Se oggi ci si proclama antisraeliani (perché quella di Israele ai danni del Libano, che si vuole spacciare per “guerra difensiva”, è in realtà un’aggressione) si viene subito tacciati di antisemitismo.

Se ci si dichiara stupiti davanti alle parole pronunciate dal Papa a Ratisbona si viene rimproverati di alimentare i soliti pregiudizi verso il cattolicesimo e, nella peggiore delle ipotesi, di fiancheggiare l’integralismo islamico e le sue guerrafondaie dottrine.

Se, all’indomani della autocensura preventiva della berlinese Deutsche Oper ai danni della rivisitazione moderna dell’Idomeneo di Mozart, ci si erge a paladini della libertà dell’arte si può venire accusati di buttare benzina sul fuoco del “conflitto di civiltà”.

Sono portato a credere che una buona parte di responsabilità per tutto questo sia da addebitarsi a una crisi dell’identità occidentale, dei popoli come degli individui, che non ha eguali nella recente storia europea. Tanto più ci sentiamo minacciati dall’“altro” nella nostra identità individuale e collettiva tanto più reagiamo bruscamente, talora violentemente, nei confronti di chi non si schiera apertamente a favore di quella sola idea, di quella sola fede, di quel solo credo politico che pretendiamo di rappresentare.

È il paradosso degli anni che stiamo vivendo: a un’Europa “superficiale” che tenta insistentemente la via del dialogo sembra sempre più corrispondere un’Europa “profonda” che ne ha una oscura, irragionevole paura, che chiede a ciascuno di esporsi, di dichiararsi.
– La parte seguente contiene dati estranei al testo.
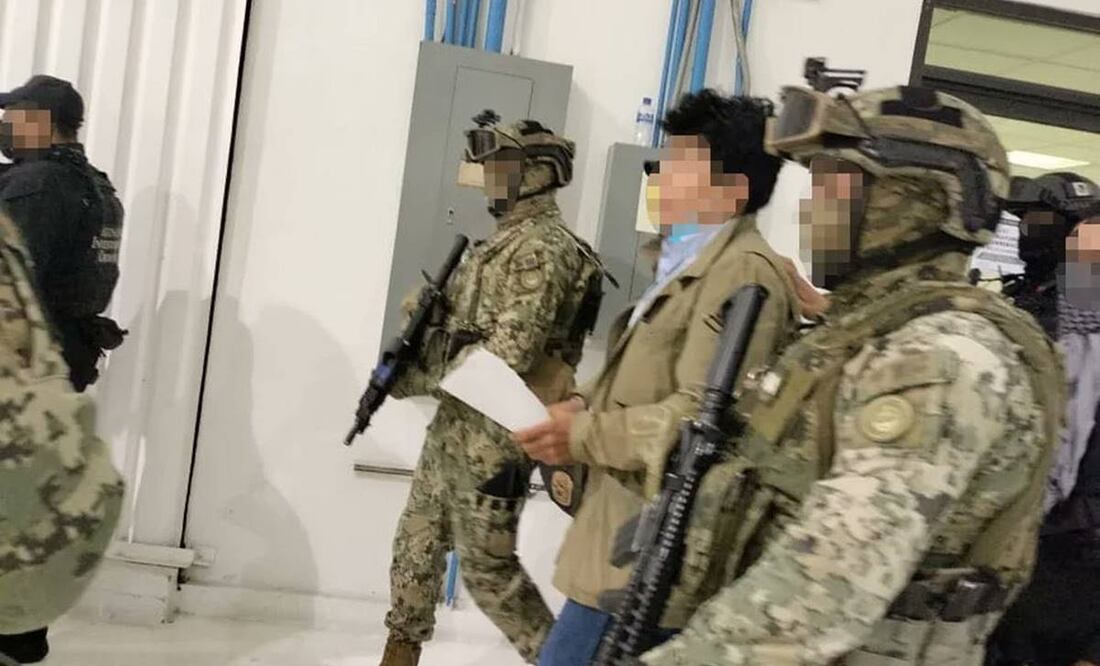 FGR impugna suspensión contra extradición de Caro Quintero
O cattolico o musulmano. O arabo o israeliano. O santo o peccatore.

Il mondo è sempre più iridescente, le sfumature hanno ormai la meglio ovunque sui colori e qualcuno pensa ancora seriamente di poterci imporre di scegliere senza alcuna esitazione tra il bianco e il nero, di decidere una volta per tutte se si è favorevoli o contrari a che le donne di fede musulmana debbano avere piena facoltà di portare il velo (o, peggio ancora, il burka) nei paesi occidentali.

Con il crollo del comunismo nei Paesi dell’Est quello che si credeva uno steccato impossibile da abbattere (la divisione tra destra e sinistra) è improvvisamente venuto giù.

Con le migrazioni nella vecchia Europa di nuove fedi e di nuove credenze quella che si sarebbe ritenuta qualche tempo fa una remotissima ipotesi (lo smarcamento dal cristianesimo, impiantato da secoli sul continente europeo, della civiltà dai mille volti e dalle mille sfaccettature che sta nascendo giorno dopo giorno sotto i nostri occhi) si sta rivelando una realtà con cui, volenti o nolenti, dobbiamo tutti fare i conti.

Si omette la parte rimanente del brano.